T-2 toxin and HT-2 toxin in grain and grain-based commodities in Europe: occurrence, factors affecting occurrence, co-occurence and toxicological effects
Fels-Klerx, H.J. van der; Stratakou, I. - \ 2010
World Mycotoxin Journal 3 (2010)4. - ISSN 1875-0710 - p. 349 - 367.
fusarium mycotoxin content - in-vitro toxicity - human-lymphocytes - trichothecene mycotoxins - induced apoptosis - lymphoid organs - t2 toxin - mice - cells - rats
This paper presents an overview of the occurrence of T-2 toxin and HT-2 toxin in cereals in Europe and derived food products, factors influencing the occurrence, co-occurrence with other trichothecenes, and toxicological effects of T-2 and HT-2 in human.
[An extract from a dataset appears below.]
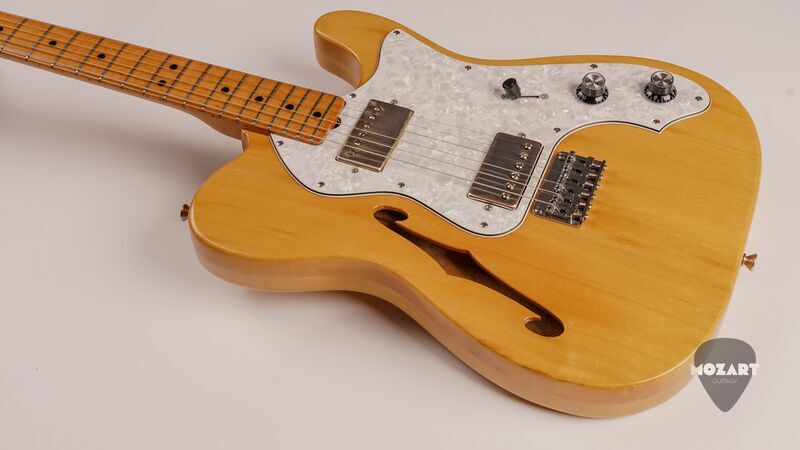 Marchis Telecaster Thinline HH c. 1974-1975 | Natural, image 5 of 5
Of all cereals, oats showed to be most susceptible to T-2/HT-2 contamination. Particularly, oats grown in Scandinavia and UK in the period 2003-2007 were highly contaminated. This contamination has reduced in 2008 and 2009. In raw cereals, T-2 and HT-2 levels were highly correlated with each other in most instances, with the HT-2 level being two to seven times higher than the T-2 level. The toxin levels showed not to be correlated with levels of deoxynivalenol and nivalenol. The occurrence of T-2 and HT-2 in the field varied between years, regions, cereal grain varieties, sowing time, and precrop. Organically produced cereals contained lower T-2 and HT-2 levels as compared to conventionally grown cereals. Little or no effects from using fungicides was seen. Processing cereals resulted in low T-2 and HT-2 levels in food products, although oat products contained some T-2 and HT-2. The by-products from food processing, often used for animal feeding, frequently were highly contaminated. T-2 and HT-2 showed to have high acute and subacute toxicity, as they caused haematotoxic, immunotoxic, cytotoxic, and dermal effects. Carcinogenicity of T-2 and HT-2 in human has not been proven. Outbreaks of human toxicosis caused by trichothecenes, including T-2 and HT-2, have been reported. The present overview is deemed to be valuable for risk assessments at the European level, planned to be held by EFSA. It also provides directions for further research, including the ecology of the fungi responsible for T-2 and HT-2, and agronomical practices to reduce the contamination in the field.